What to produce: Once you have read the entries below, give them all again without any difference.

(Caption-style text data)

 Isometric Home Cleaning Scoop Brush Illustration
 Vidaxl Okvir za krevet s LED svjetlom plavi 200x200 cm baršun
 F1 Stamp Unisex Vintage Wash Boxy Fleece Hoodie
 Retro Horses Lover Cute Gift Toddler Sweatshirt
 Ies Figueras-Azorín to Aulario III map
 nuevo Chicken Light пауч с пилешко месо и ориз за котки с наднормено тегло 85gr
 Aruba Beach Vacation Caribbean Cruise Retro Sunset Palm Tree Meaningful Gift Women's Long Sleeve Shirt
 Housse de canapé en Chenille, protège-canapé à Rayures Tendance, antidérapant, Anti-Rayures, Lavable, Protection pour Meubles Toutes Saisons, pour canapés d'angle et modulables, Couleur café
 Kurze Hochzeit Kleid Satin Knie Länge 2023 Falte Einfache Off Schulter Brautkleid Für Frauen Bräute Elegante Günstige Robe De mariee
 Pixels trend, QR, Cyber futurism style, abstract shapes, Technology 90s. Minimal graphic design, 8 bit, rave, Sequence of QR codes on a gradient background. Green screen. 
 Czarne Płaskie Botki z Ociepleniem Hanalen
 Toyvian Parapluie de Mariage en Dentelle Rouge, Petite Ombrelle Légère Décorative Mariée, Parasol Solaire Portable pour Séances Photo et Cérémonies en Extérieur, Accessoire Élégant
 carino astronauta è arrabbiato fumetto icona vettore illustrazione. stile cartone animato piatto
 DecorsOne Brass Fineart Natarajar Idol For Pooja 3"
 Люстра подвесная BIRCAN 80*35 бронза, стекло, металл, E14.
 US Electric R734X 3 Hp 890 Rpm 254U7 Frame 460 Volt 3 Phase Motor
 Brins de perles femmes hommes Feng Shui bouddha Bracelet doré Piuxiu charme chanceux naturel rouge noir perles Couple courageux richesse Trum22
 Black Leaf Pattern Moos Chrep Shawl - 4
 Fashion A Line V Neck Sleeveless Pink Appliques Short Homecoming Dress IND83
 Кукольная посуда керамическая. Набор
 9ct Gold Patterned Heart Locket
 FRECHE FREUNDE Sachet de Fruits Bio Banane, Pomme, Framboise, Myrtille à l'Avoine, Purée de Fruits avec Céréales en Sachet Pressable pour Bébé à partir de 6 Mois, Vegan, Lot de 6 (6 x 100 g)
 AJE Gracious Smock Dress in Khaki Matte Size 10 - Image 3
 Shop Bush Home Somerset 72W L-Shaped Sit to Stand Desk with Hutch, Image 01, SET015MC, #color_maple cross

Problem solution:
 Isometric Home Cleaning Scoop Brush Illustration
 Vidaxl Okvir za krevet s LED svjetlom plavi 200x200 cm baršun
 F1 Stamp Unisex Vintage Wash Boxy Fleece Hoodie
 Retro Horses Lover Cute Gift Toddler Sweatshirt
 Ies Figueras-Azorín to Aulario III map
 nuevo Chicken Light пауч с пилешко месо и ориз за котки с наднормено тегло 85gr
 Aruba Beach Vacation Caribbean Cruise Retro Sunset Palm Tree Meaningful Gift Women's Long Sleeve Shirt
 Housse de canapé en Chenille, protège-canapé à Rayures Tendance, antidérapant, Anti-Rayures, Lavable, Protection pour Meubles Toutes Saisons, pour canapés d'angle et modulables, Couleur café
 Kurze Hochzeit Kleid Satin Knie Länge 2023 Falte Einfache Off Schulter Brautkleid Für Frauen Bräute Elegante Günstige Robe De mariee
 Pixels trend, QR, Cyber futurism style, abstract shapes, Technology 90s. Minimal graphic design, 8 bit, rave, Sequence of QR codes on a gradient background. Green screen. 
 Czarne Płaskie Botki z Ociepleniem Hanalen
 Toyvian Parapluie de Mariage en Dentelle Rouge, Petite Ombrelle Légère Décorative Mariée, Parasol Solaire Portable pour Séances Photo et Cérémonies en Extérieur, Accessoire Élégant
 carino astronauta è arrabbiato fumetto icona vettore illustrazione. stile cartone animato piatto
 DecorsOne Brass Fineart Natarajar Idol For Pooja 3"
 Люстра подвесная BIRCAN 80*35 бронза, стекло, металл, E14.
 US Electric R734X 3 Hp 890 Rpm 254U7 Frame 460 Volt 3 Phase Motor
 Brins de perles femmes hommes Feng Shui bouddha Bracelet doré Piuxiu charme chanceux naturel rouge noir perles Couple courageux richesse Trum22
 Black Leaf Pattern Moos Chrep Shawl - 4
 Fashion A Line V Neck Sleeveless Pink Appliques Short Homecoming Dress IND83
 Кукольная посуда керамическая. Набор
 9ct Gold Patterned Heart Locket
 FRECHE FREUNDE Sachet de Fruits Bio Banane, Pomme, Framboise, Myrtille à l'Avoine, Purée de Fruits avec Céréales en Sachet Pressable pour Bébé à partir de 6 Mois, Vegan, Lot de 6 (6 x 100 g)
 AJE Gracious Smock Dress in Khaki Matte Size 10 - Image 3
 Shop Bush Home Somerset 72W L-Shaped Sit to Stand Desk with Hutch, Image 01, SET015MC, #color_maple cross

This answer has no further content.